Source material Block Start
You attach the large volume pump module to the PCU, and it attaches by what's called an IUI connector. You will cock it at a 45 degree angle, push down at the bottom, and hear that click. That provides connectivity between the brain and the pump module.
Source material Block End
Source material Block Start
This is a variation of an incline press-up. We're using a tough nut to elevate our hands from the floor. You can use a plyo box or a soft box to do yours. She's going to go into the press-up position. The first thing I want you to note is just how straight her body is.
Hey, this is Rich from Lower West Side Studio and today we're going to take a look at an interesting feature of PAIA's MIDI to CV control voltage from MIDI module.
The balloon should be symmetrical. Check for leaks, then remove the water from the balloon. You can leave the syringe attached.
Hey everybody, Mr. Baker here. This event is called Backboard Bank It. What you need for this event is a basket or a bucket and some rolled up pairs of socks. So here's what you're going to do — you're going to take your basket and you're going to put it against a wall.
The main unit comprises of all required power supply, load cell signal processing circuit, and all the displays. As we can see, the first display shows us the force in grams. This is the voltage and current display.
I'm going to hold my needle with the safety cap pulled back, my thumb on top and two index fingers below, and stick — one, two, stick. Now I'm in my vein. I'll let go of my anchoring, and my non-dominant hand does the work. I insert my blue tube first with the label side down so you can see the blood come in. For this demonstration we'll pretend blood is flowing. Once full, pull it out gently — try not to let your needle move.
Source material Block End
Source material Block Start
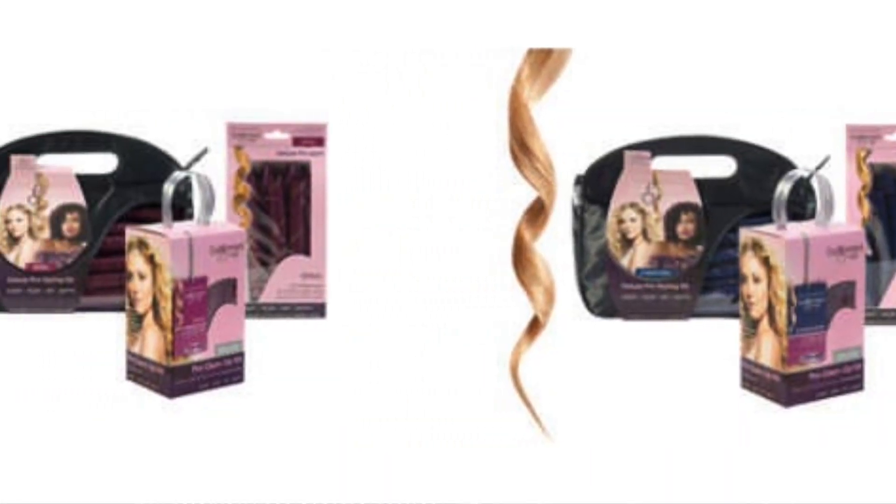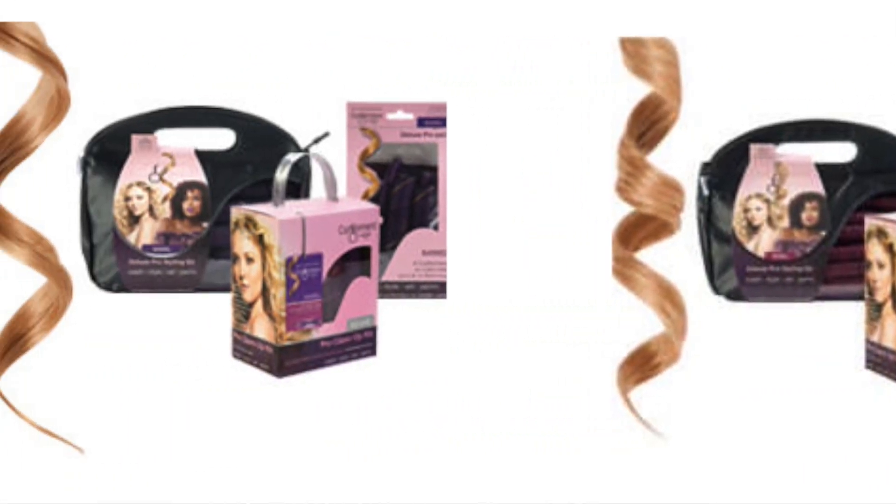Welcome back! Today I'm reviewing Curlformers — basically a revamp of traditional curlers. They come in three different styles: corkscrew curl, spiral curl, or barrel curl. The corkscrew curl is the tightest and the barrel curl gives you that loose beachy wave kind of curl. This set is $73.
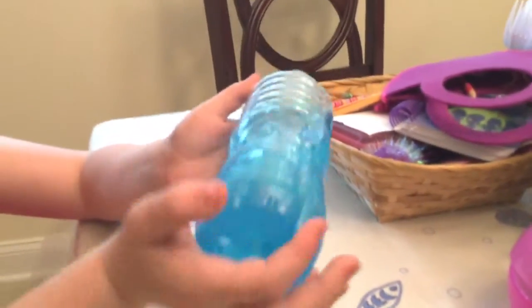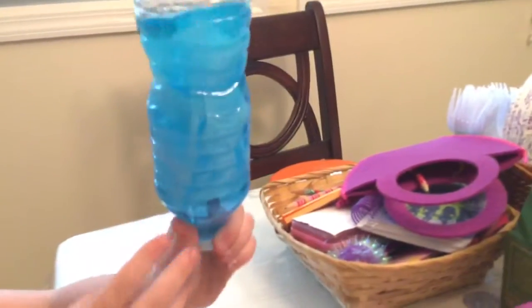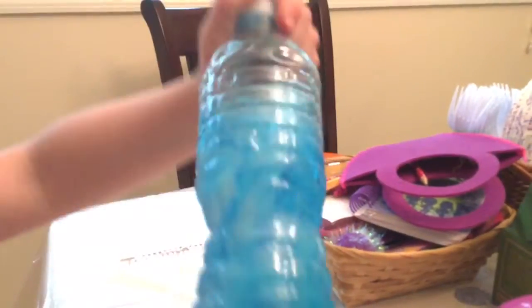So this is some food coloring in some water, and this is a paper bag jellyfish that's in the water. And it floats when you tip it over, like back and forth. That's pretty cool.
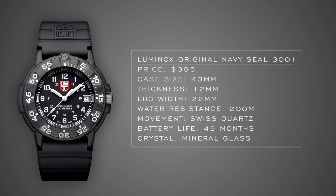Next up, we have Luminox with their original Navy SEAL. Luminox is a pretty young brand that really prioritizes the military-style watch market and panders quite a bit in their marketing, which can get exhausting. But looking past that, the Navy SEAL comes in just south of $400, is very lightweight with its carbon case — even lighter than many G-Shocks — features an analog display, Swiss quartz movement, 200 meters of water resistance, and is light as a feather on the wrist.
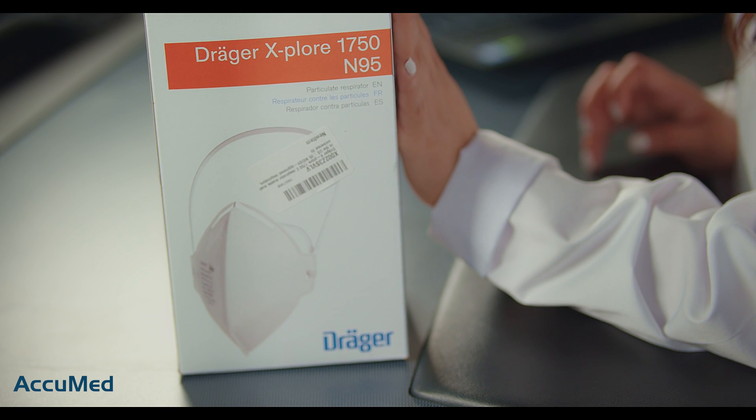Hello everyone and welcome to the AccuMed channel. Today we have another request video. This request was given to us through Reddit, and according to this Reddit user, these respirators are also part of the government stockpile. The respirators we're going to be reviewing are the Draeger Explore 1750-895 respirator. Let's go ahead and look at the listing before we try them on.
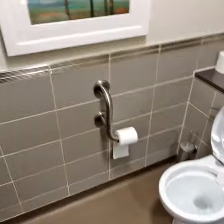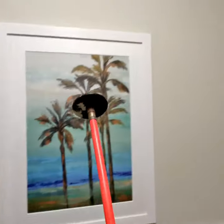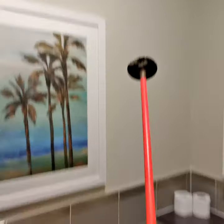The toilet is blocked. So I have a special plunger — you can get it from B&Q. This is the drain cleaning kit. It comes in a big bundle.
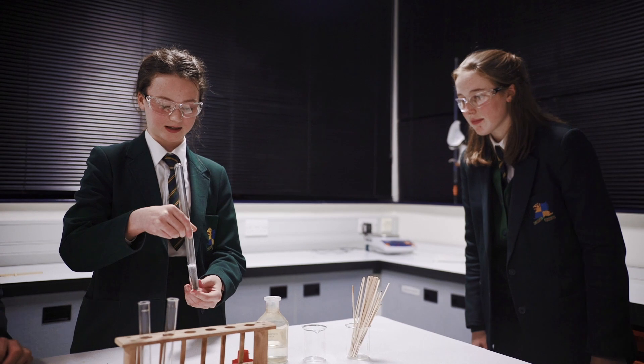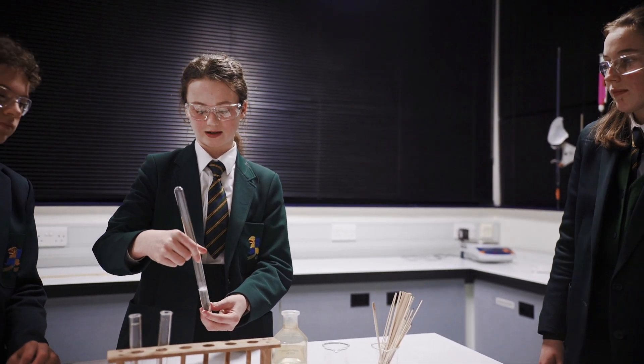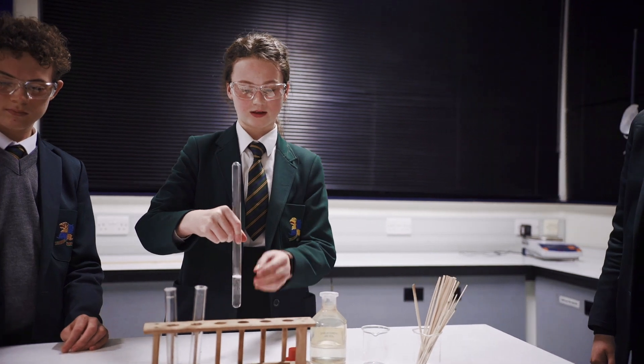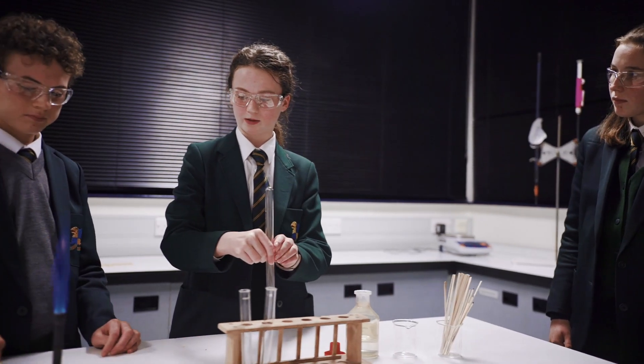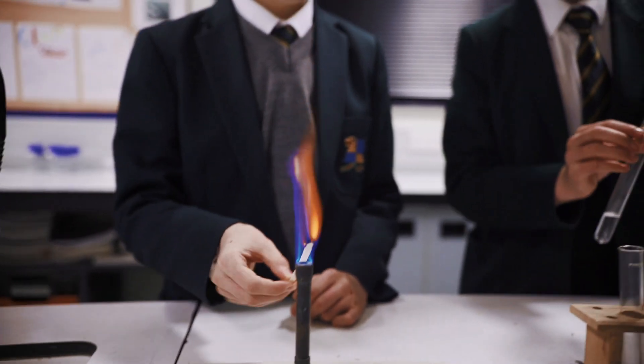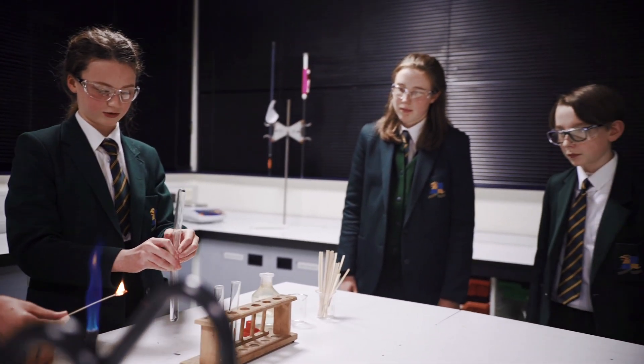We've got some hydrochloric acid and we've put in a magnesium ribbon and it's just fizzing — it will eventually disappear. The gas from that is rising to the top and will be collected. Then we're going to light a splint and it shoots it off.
Source material Block End
#### What to do:
The lines above from the one containing "The main unit" through the one containing "I'm going to" are to be set down exactly, and no others.

#### Exercise output:
The main unit comprises of all required power supply, load cell signal processing circuit, and all the displays. As we can see, the first display shows us the force in grams. This is the voltage and current display.
I'm going to hold my needle with the safety cap pulled back, my thumb on top and two index fingers below, and stick — one, two, stick. Now I'm in my vein. I'll let go of my anchoring, and my non-dominant hand does the work. I insert my blue tube first with the label side down so you can see the blood come in. For this demonstration we'll pretend blood is flowing. Once full, pull it out gently — try not to let your needle move.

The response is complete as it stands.